Step one is adding signers, tap the plus button to add one.

multisig creator
automatically generated signer

As you can see FN automatically creates a seed, derives its xpub and its fingerprint. It then also converts that xpub to a Zpub which is what you would use to import this multisig signer into Electrum for example. Th xpub and the Zpub are the same thing, the Zpub is simply a way of telling other wallet software that this is a pay to witness script hash address format. Under the hood the Zpub always gets converted to an xpub, for example in Bitcoin Core you can never import a Zpub, it always needs to be converted to an xpub first. Here we give you both to save you the hassle of having to convert it.

Conversly you may delete all of the data for the signer by tapping the “clear” button. Then you may add either your own Zpub (again FN will convert it an xpub and display it for you), xpub, or seed words.

If you only add a xpub or Zpub you will *need* to add the fingerprint that represents the root master key of thet seed that the xpub was derived from, this is to ensure devices like a Coldcard will sign it, if you supply a Coldcard with an incorrect fingerprint it will not sign even if the seed is correct.

When adding your own seed of course FN will just derive all the info it needs using the supplied seed words.

You may *always* delete the seed words and the other data will persist. This way you can enure the correct xpub and fingerprint are derived yet not add a signer to the device.

To be clear you must always either add seed words or xpub or Zpub. A fingerprint must always be present.

Once you have done that and you have added as many signers as you desire FN will then prompt you to choose the number of *required* signatures. Once you select that number then FN will go through the wallet creation process, first creating a wallet on your node then importing 2500 public keys using you multisig descriptors.

The major difference between single signature and multi signature (other then requiring multiple seeds to spend) is that multi signature keys can not be added to the keypool on your node so we simply use the descriptors to derive them on the fly. This means FN always keeps track of the index of your last used address or utxo and increments it by one so we never reuse addresses.
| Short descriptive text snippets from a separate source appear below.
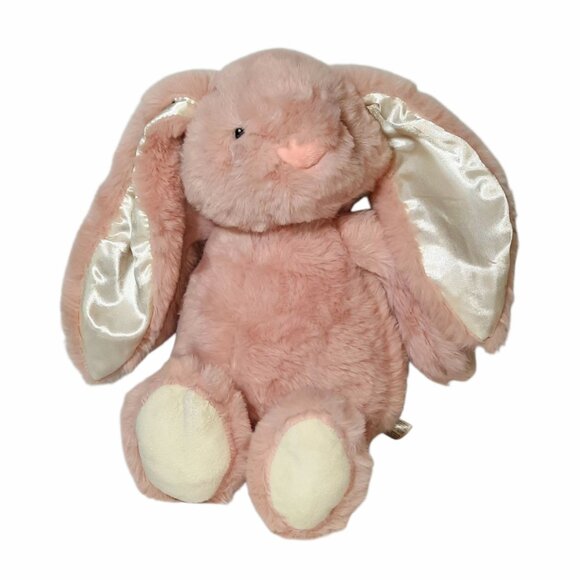 Spark Create Imagine Pink Bunny Rabbit Stuffed Plush Beanbag Toy 13" NEW - Picture 2 of 6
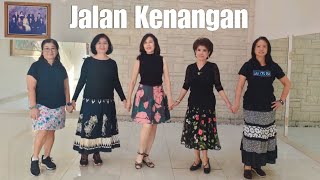 Jalan Kenangan Line Dance (demo & count)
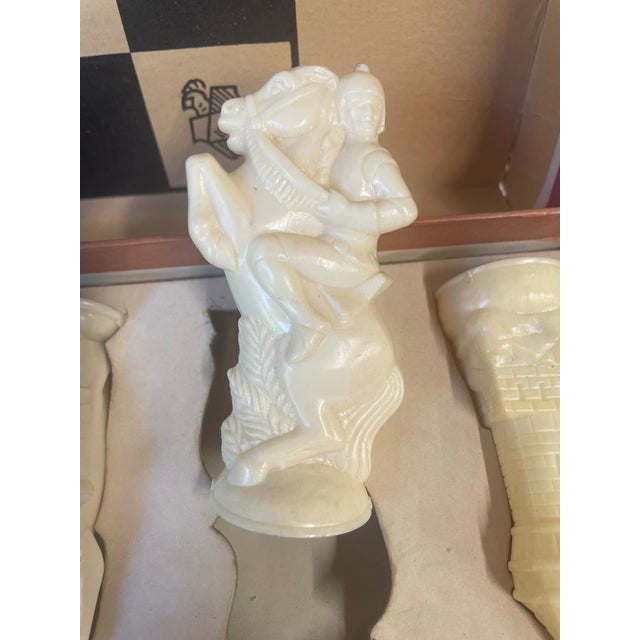 Vanilla Vintage 1959 Renaissance Chessmen Game Set For Sale - Image 8 of 12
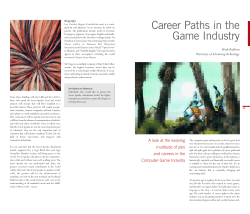 Career Paths in the Game Industry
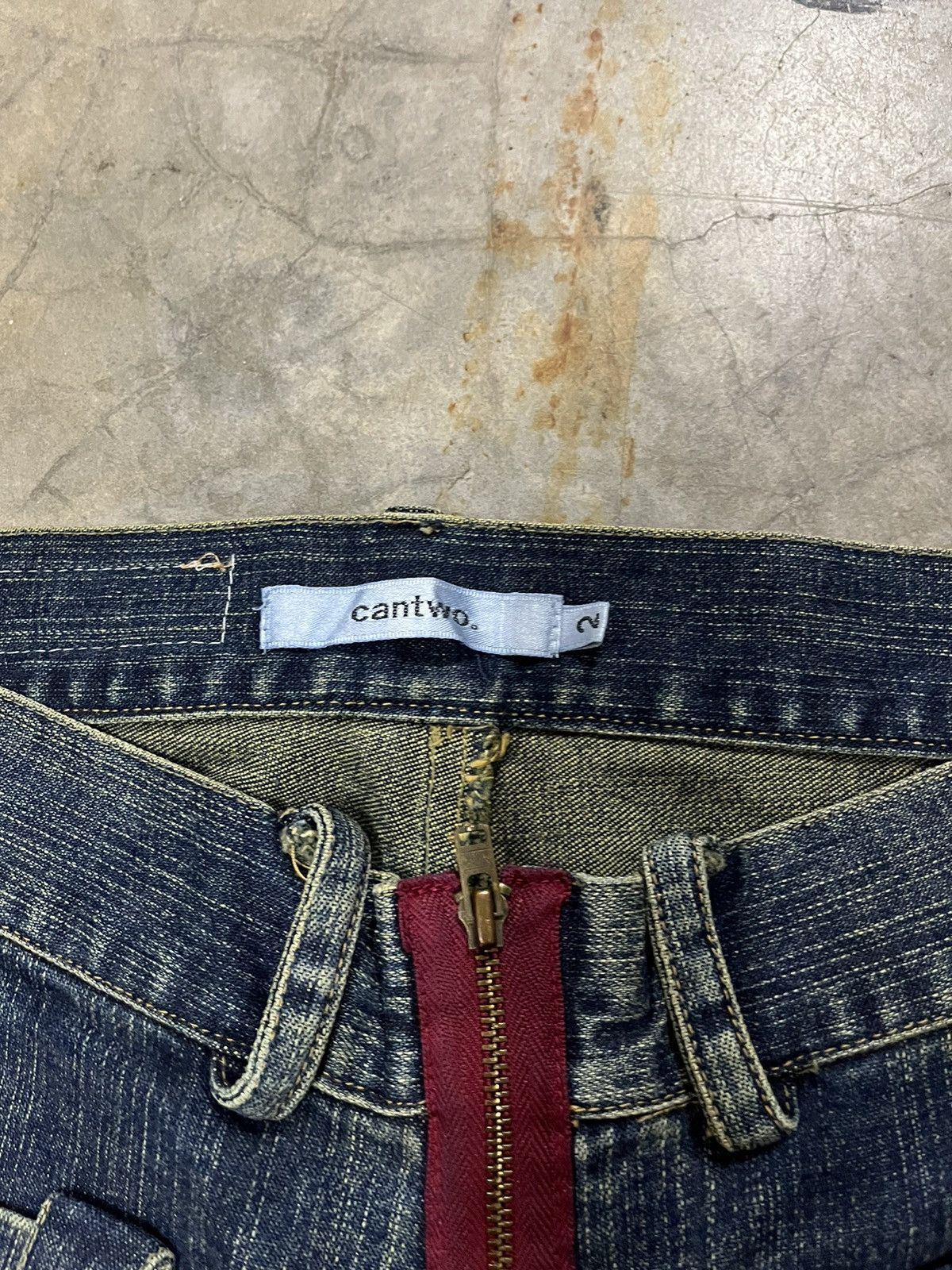 Tornado Mart Japanese cantwo flare jeans rare zipper denim low rise Size US 28 / EU 44 - 5 Thumbnail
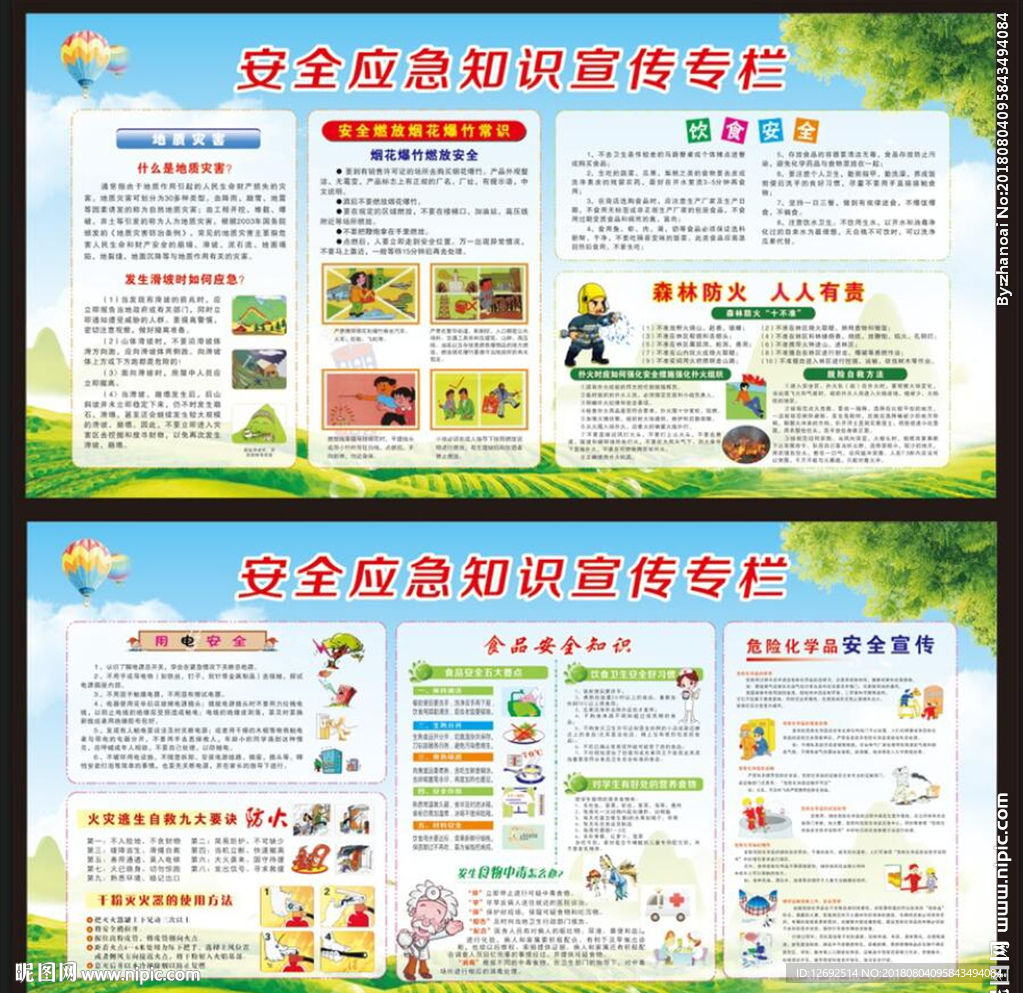 安全应急 知识 宣传栏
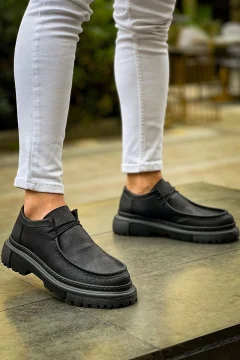 حذاء رجالي باللون الأسود - Фото 3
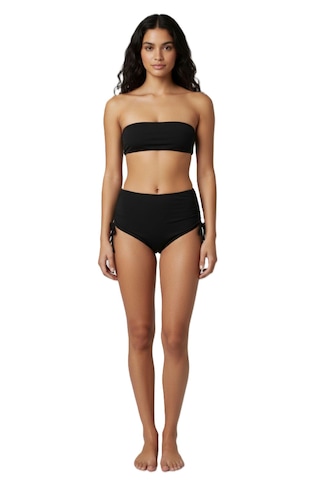 Donlaritta Büyük Beden Yüksek Bel Toparlayıcı Bikini Altı 42-44-46-48-50- 52 Beden Siyah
You can view and access to tools for the wallet by tapping the info button on the “active wallet” tab.

Once the wallet creation process completes and all the keys have been successfully imported to your nodes wallet you will get a success message, from that point on using multisig is just as easy as using single sig, FN will again try and sign every psbt the with the seeds on the app, if it can it will sign. If the psbt is complete the transaction gets finalized and you may broadcast it, if not you may export the partially signed psbt to other signers.

If the day comes where you want to spend all the funds in the wallet you can always independently add signers to FN, once you have added the amount of required signers that can sign for the wallet you will get a signed raw transaction returned when sending funds instead of a psbt which you may broadcast to the Bitcoin network.